Boeing (NYSE: BA) was doubtless disappointed when India booted it from the competition for a $10 billion fighter jet contract last month. But don't lose heart, investors. Boeing's battling back, having scored another small victory Wednesday.

This morning, the company announced a 10-plane deal from the Indian Ministry of Defense for delivery of the C-17 Globemaster III transport aircraft. At roughly $191 million apiece, the contract is worth $1.9 billion to Boeing, eclipsing the value of the six-plane C-130J deal that Lockheed Martin (NYSE: LMT) inked a few years ago.

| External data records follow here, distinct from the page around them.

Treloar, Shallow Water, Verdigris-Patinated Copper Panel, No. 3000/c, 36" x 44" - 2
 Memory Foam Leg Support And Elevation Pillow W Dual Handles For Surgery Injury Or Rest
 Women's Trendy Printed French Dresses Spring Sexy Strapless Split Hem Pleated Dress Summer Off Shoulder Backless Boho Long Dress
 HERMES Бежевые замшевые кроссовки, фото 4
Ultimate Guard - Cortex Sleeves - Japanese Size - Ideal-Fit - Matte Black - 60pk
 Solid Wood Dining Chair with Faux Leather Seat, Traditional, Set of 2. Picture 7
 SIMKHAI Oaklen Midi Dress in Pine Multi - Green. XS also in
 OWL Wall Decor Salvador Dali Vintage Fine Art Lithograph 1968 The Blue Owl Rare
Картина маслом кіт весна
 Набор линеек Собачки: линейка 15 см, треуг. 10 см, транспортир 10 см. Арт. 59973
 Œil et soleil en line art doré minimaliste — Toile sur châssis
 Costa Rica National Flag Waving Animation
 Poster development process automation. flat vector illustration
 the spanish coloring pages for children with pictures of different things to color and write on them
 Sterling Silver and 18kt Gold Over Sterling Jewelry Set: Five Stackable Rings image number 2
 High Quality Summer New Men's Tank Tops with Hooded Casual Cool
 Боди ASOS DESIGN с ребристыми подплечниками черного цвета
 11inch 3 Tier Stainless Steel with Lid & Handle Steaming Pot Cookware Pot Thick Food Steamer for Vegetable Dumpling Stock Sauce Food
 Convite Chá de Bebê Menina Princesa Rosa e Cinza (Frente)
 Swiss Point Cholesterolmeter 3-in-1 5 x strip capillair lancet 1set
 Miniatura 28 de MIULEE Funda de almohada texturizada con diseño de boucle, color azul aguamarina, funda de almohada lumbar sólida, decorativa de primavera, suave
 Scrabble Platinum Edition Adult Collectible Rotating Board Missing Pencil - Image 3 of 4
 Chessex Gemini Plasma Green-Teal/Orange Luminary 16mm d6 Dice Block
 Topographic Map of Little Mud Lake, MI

It bolsters Boeing's place in the Indian arms market, first won when the company and partners Raytheon (NYSE: RTN) and Northrop Grumman (NYSE: NOC) landed a $2.1 billion deal to supply India with P-8I subhunting aircraft.

$2 billion here, $2 billion there ...
Granted, these contracts don't yet add up to "real money" for Boeing, which does $64 billion in annual business globally. The company will need to land more (and bigger) contracts if it hopes to make up the shortfall from a retrenching Pentagon.

But that does seem to be the plan, for both Boeing and the Pentagon itself. As U.S. taxpayers rebel at the high cost of defending not just U.S. interests, but subsidizing the security needs of others, we're going to see more and more deals like the one inked in India this week.